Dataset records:
==============================
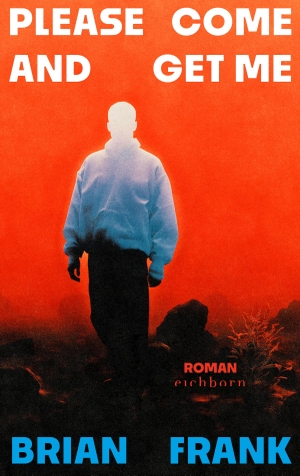 Frank, Brian. Please Come And Get Me - Roman. Eichborn Verlag, 2026.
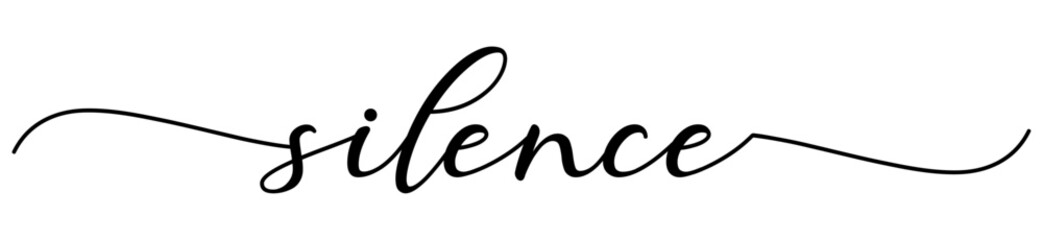 Silence card. Hand drawn positive quote. Modern brush calligraphy. Isolated on white background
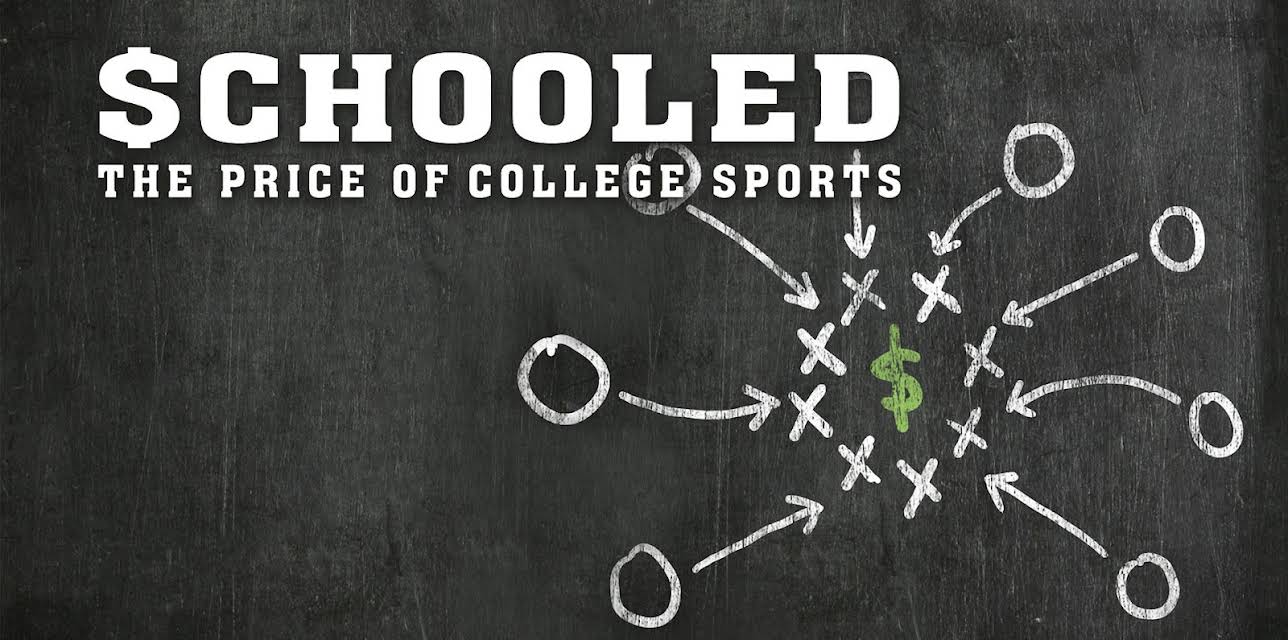 Schooled: The Price of College Sports (2013)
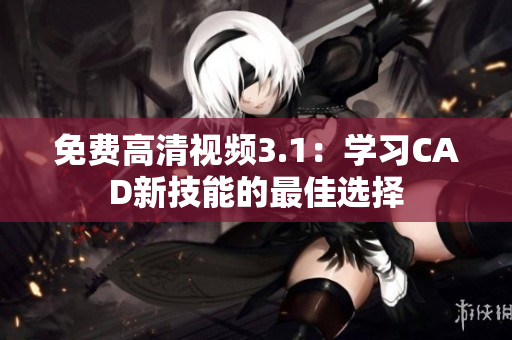 免费高清视频3.1：学习CAD新技能的最佳选择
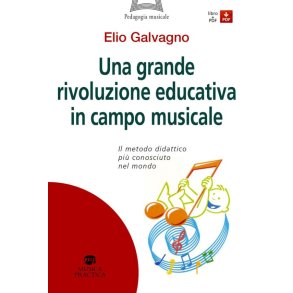 Una Grande Rivoluzione Educativa : In Campo Musicale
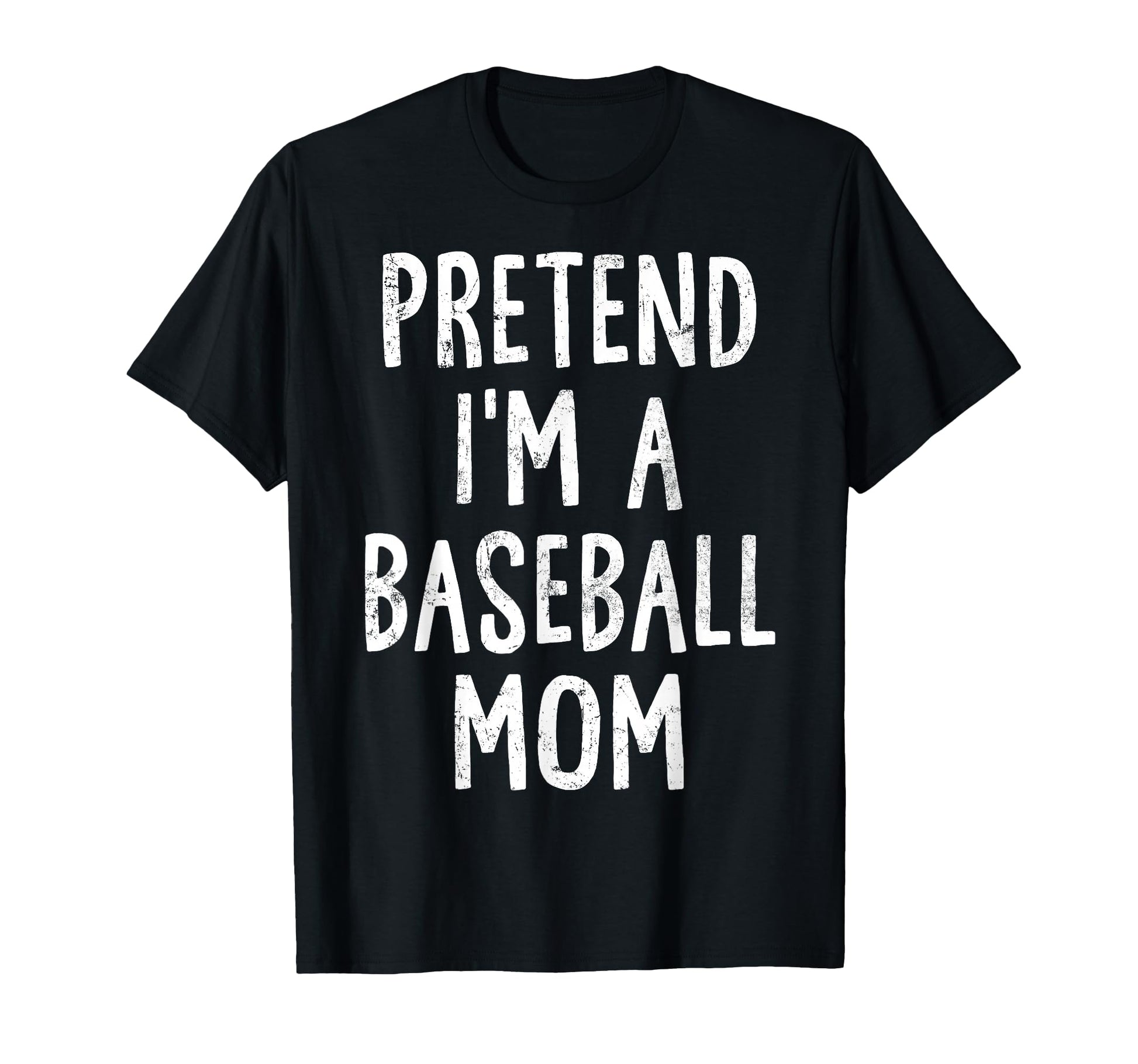 Pretend Im Baseball Mom Lazy Easy T-Shirt - Novelty Apparel Unisex - T-Shirt, Sweatshirt, Hoodie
==============================
What to do: Return verbatim every line from the line containing "免费高清视频3.1：学习CAD新技能的最佳选择" to the last line of the entries above, inclusive, and leave out the pictures.

Solution to the exercise:
 免费高清视频3.1：学习CAD新技能的最佳选择
 Una Grande Rivoluzione Educativa : In Campo Musicale
 Pretend Im Baseball Mom Lazy Easy T-Shirt - Novelty Apparel Unisex - T-Shirt, Sweatshirt, Hoodie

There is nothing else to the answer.